Since the co-op was founded in 1967 by a group of 10 cooperatives in the region, until today, it has aimed at progressively diminishing those vestiges of the traditional vertical structure on which the current “patriarchal culture” is based (2). This theme, incidentally, has been both valuable for the organization, and has produced extensive knowledge from the daily experience in the laboratory of their workplace.

“The workers were just workers – they obeyed and didn’t take part in the meetings,” remembers Gustavo Salas, 68 years old, one of the many young volunteers that went to Barquisimeto in the early 70’s to advise the regional cooperative movement, then organized around savings and loans. “In 1971 when I got here, after leaving the administrator’s position of one of my father’s companies, Cecosesola was already a bureaucratic organization, and because of that, it had lost the enthusiasm of the first years,” he adds. This wave of volunteers, who were inspired by the Cuban Revolution, the Allende movement in Chile, and by an ideal of Christian socialism, originally came to help the religious group, Communitarian Organization for the Marginalized, that had given impulse to the development of the cooperative movement in Barquisimeto since the 60’s.

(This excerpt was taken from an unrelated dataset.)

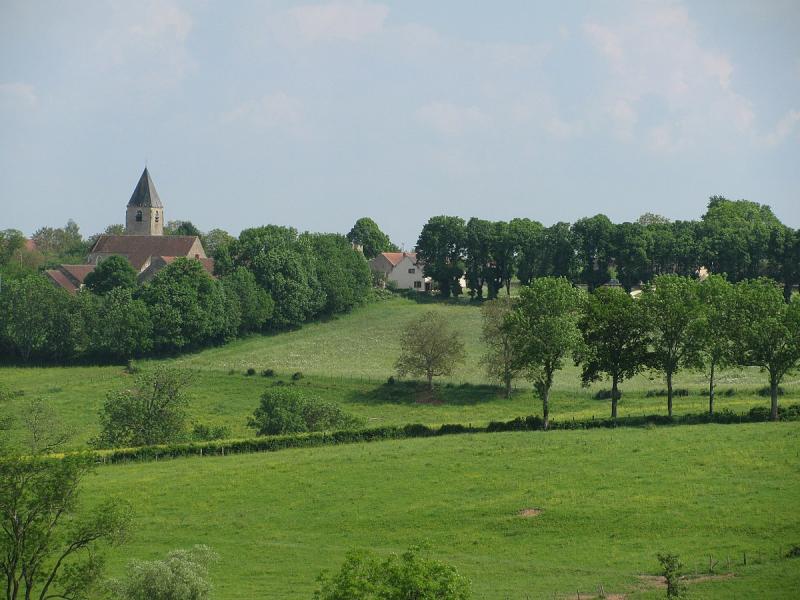 Église Saint-Martin à Lys, dans le département de la Nièvre.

“We had a dream: that the cooperatives would be like an advance model of the society we wanted to build. But we didn’t know how to do this, and besides, we thought the transformation depended on the State, on some kind of power,” recounts Teofilo Ugalde, a 67-year-old Cuban native. He arrived in Venezuela in 1968 as a Catholic priest, and came in contact with the organization during it’s most politically and economically challenging years managing a Cooperative Transportation Service (1974-1985). This quickly become the largest and most affordable bus service in Barquisimeto. Trouble began in 1980 when the local government cut off subsidies, and the cooperative began running up $300,000 in debt every month. Cecosesola maintained it’s low price at half the going rate, at .25 Bs., as promised to the local community, despite financial difficulties imposed by the government. This fight laid the foundation for the dynamic self-organizing process that defines what Cecosesola is today.

And what is Cecosesola today? The collective describes itself as a “cooperative integration organism,” that involves 60 community organizations, more than 20,000 members, and a broad spectrum of activities including: agriculture, small-scale agro-industry, funeraral services, transportation, health, savings and loans, mutual funds, and distribution of food and domestic items. The cooperative has annual gross sales of 200 million Bolivares Fuertes, close to US$47 million.”